Wczesną jesienią planujemy zakończyć prace nad nową wersją naszego systemu, roboczo nazywaną 2.0. Pracujemy nad tym projektem od kilkunastu miesięcy. Głównym celem jest odświeżenie architektury systemu. Obecne rozwiązanie ma już prawie 10 lat i uznaliśmy, że czas najwyższy skorzystać z nowych możliwości technologicznych. Za chwilę będziemy o tym więcej i głośniej mówić.
Planujemy również mocniej skupić się na korzyściach z integracji FexiEPM oraz Power BI. Rozwiązanie Microsoftu staje się powszechnym narzędziem w działach controllingu. Pomaga łatwiej i szybciej budować raporty i analizować dane, ale nie rozwiązuje większości problemów controllingu. Dlatego będziemy mocniej akcentować korzyści z architektury łączącej PowerBI i FlexiEPM. Będziemy więcej mówić o tym jak połączenie tych dwóch narzędzi pozwala porządkować i automatyzować procesy raportowania zarządczego, alokacji kosztów czy (to pewnie powinienem wymienić jako pierwsze) budżetowania i prognozowania.

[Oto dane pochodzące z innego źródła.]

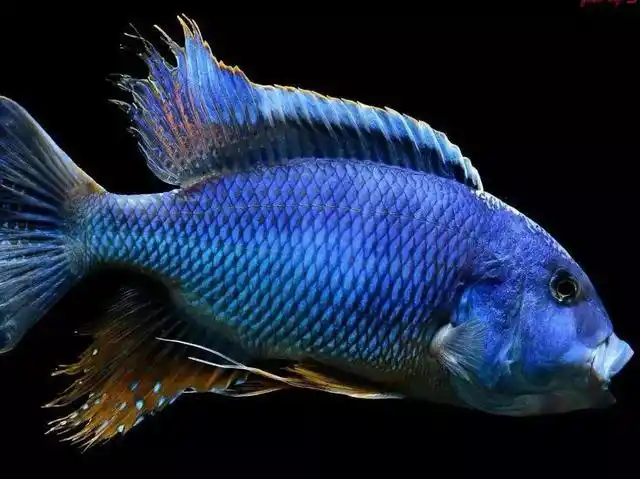 什么是三湖慈鲷鱼,最普通最常见的三湖慈鲷鱼是什么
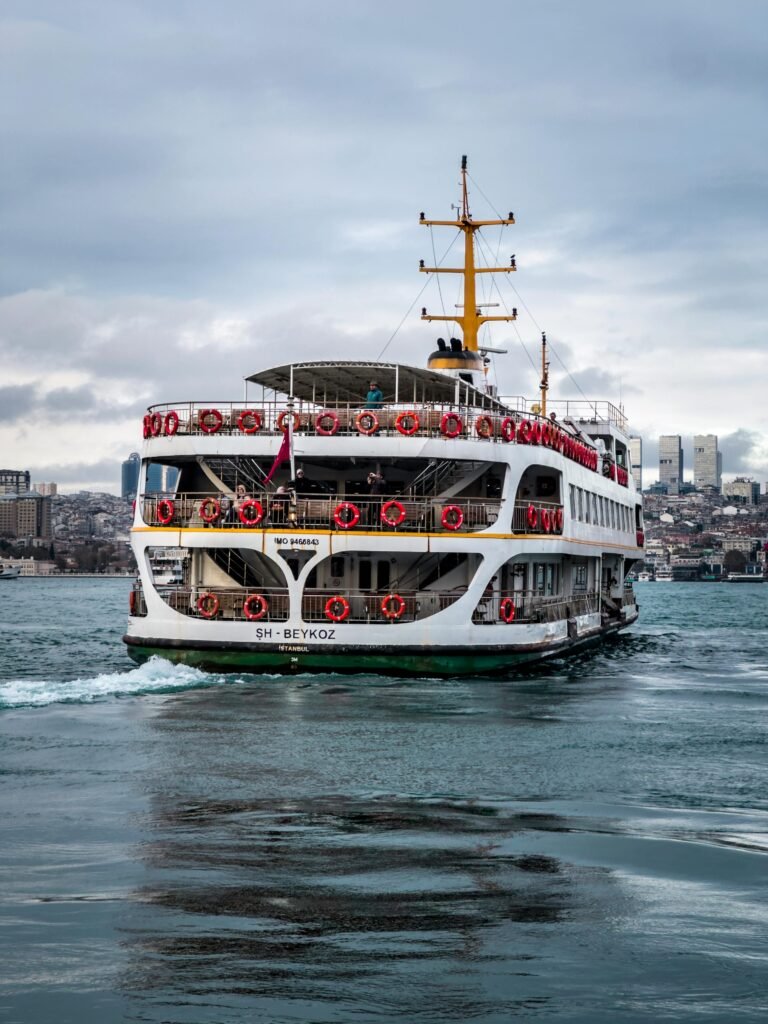 Bosphorus Cruise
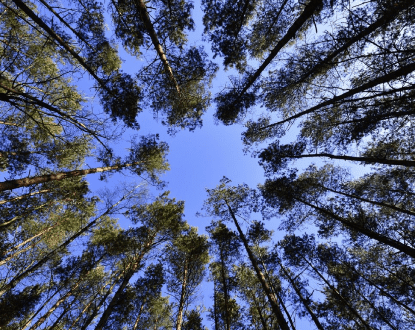 FORESTRY SERVICE
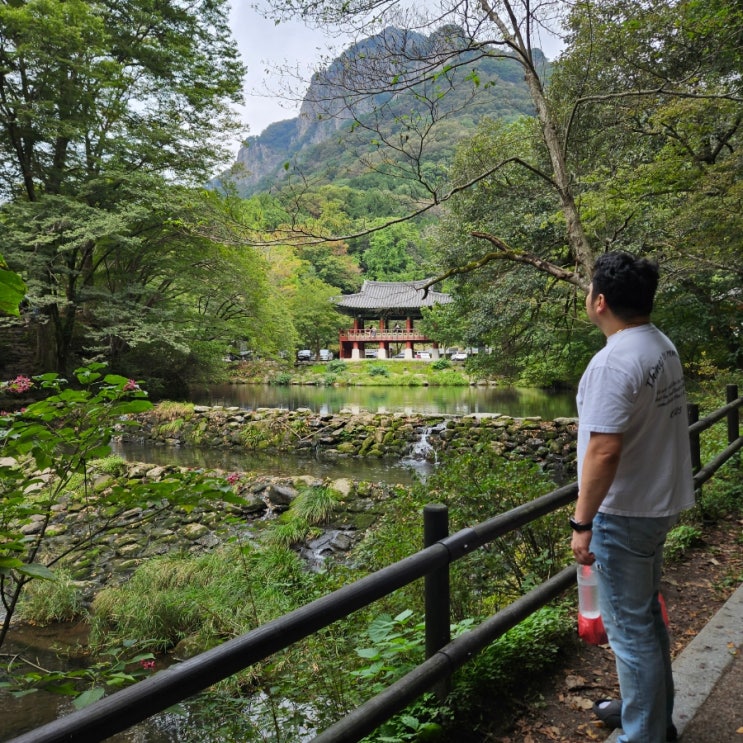  장성 단풍이 멋진 백양사 스탬프투어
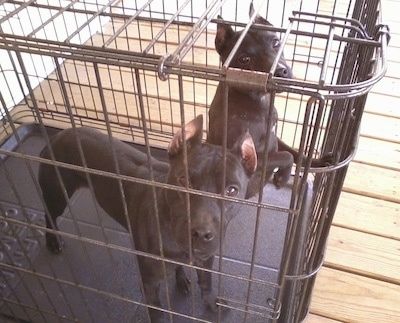 Du juodi „Pocket Pitbull“ šunys yra šunų dėžėje kartu. Viena atsistoja, o kita pašoka viena letena į šoną. Jų abiejų ausys nukirptos iki taško.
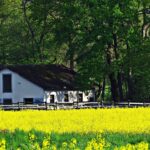 Agriturismo economico: paesaggio serale con alloggio sotto i 40 euro a marzo.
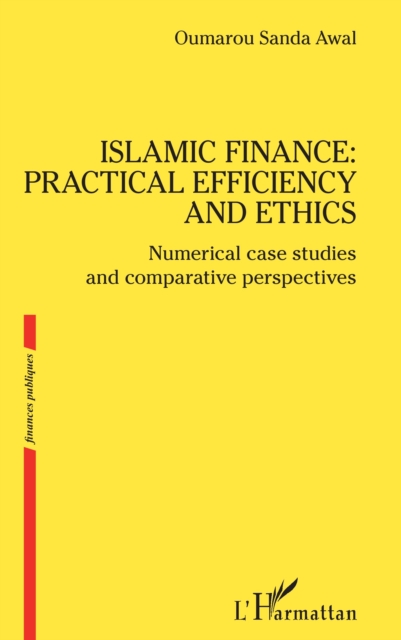 Islamic finance: practical efficiency and ethics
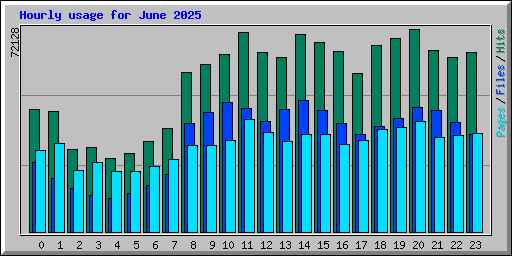 Hourly usage for June 2025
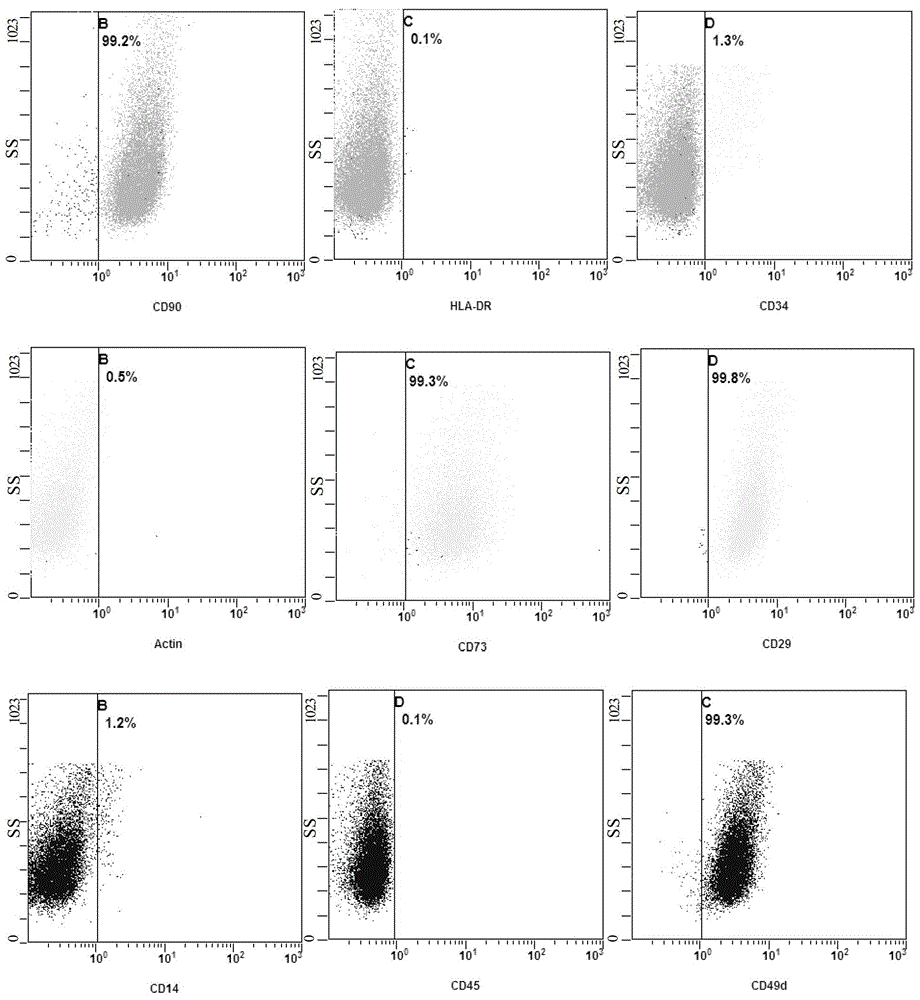 A tissue cryopreservation solution that can maintain cell viability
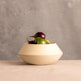 Utopia Bowl-Home Decor-Parc Decor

Dość często występujesz publicznie. Można Cię było zobaczyć nie tylko na webinarach organizowanych przez FlexiSolutions. Czy ta aktywność do wyłącznie działania marketingowe, czy widzisz w tym też inne cele?
Rzeczywiście, często występuję publicznie, ale nie tylko ja – mamy wiele wartościowych osób w zespole, które chętnie dzielą się swoją wiedzą i doświadczeniami. Odpowiadając na Twoje pytanie – chcemy być tam, gdzie są nasi Klienci. I chcemy im dawać to czego potrzebują. I bardzo często nie jest to system informatyczny, lecz praktyczna wiedza i wskazówki jak poukładać pewne rzeczy w controllingu czy raportowaniu finansowym.
Zazwyczaj nie prowadzi to bezpośrednio do sprzedaży. Nasze działania służą całemu segmentowi rozwiązań IT w Polsce, pokazując korzyści z automatyzacji i inspirując do zmiany. Wierzymy jednak, że to, co jest dobre dla branży, jest również dobre dla nas.
Czego mogłabym Ci życzyć w najbliższych miesiącach?
Skupię się na aspektach firmowych. Wydaje mi się, że udało nam się we FlexiSolutions stworzyć taką pozytywną kulturę organizacyjną. I dla mnie bardzo cenne jest to, by firma, która rośnie zachowała swoje obecne DNA.
Dołączają do nas kolejne osoby, jest coraz większa specjalizacja, niebawem skala wymusi na nas zmianę struktury organizacyjnej. I bardzo bym chciał, by taki klimat przedsiębiorczej, energetycznej, sympatycznej firmy pozostał z nami jak najdłużej.
Dlaczego? By każdemu chciało się przychodzić do pracy, brać odpowiedzialność za zadania. By każdy tak zwyczajnie czuł się dobrze będąc częścią FlexiSolutions. Bo (po pierwsze) sukcesy, które odnosimy to zasługa całego zespołu. A po drugie, widzimy, że nasi Klienci doceniają i kompetencje i pozytywne nastawienie naszych konsultantów. To zwyczajnie jest element naszej przewagi konkurencyjnej, który warto pielęgnować z taką samą troską jak sprzedawane przez nas oprogramowanie.